RECORDS SHOWN: Begin

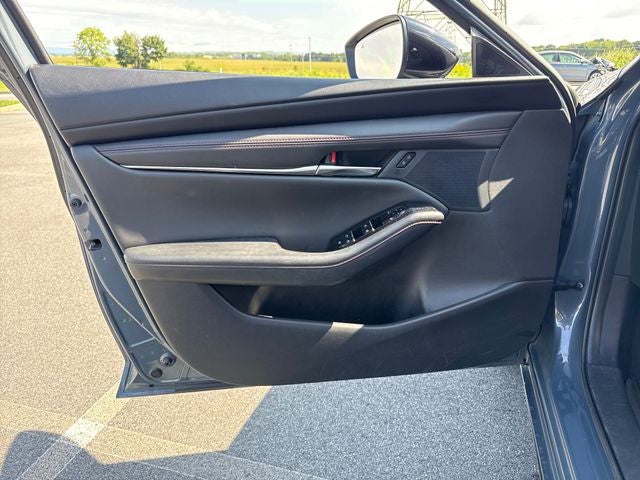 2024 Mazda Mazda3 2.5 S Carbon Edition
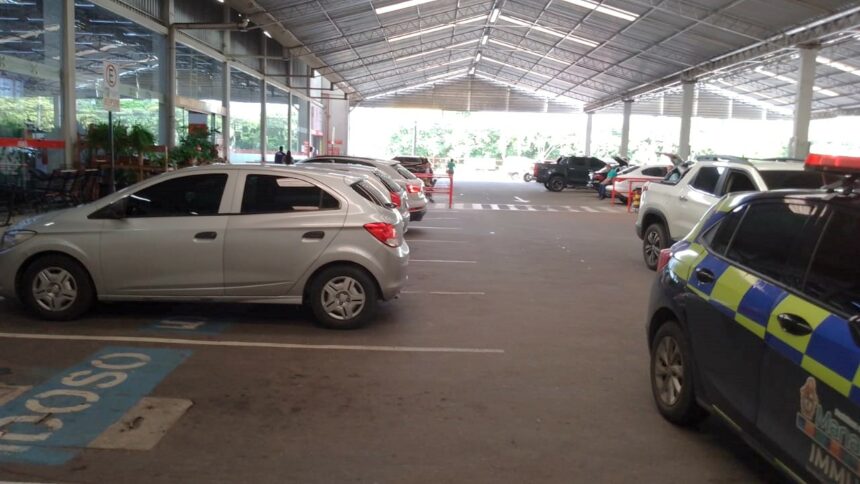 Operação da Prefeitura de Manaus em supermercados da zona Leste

RECORDS SHOWN: End
RECORDS SHOWN: Begin

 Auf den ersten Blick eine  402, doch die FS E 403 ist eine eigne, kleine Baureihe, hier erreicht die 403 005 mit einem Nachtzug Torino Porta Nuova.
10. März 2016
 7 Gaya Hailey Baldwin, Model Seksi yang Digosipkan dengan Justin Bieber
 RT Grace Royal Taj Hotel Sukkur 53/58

RECORDS SHOWN: End

From the material above, retype precisely the lines between the line holding "7 Gaya Hailey" and the line holding "RT Grace Royal Taj Hotel Sukkur 53/58", inclusive, and nothing beyond them.

# EXERCISE RESULT
 7 Gaya Hailey Baldwin, Model Seksi yang Digosipkan dengan Justin Bieber
 RT Grace Royal Taj Hotel Sukkur 53/58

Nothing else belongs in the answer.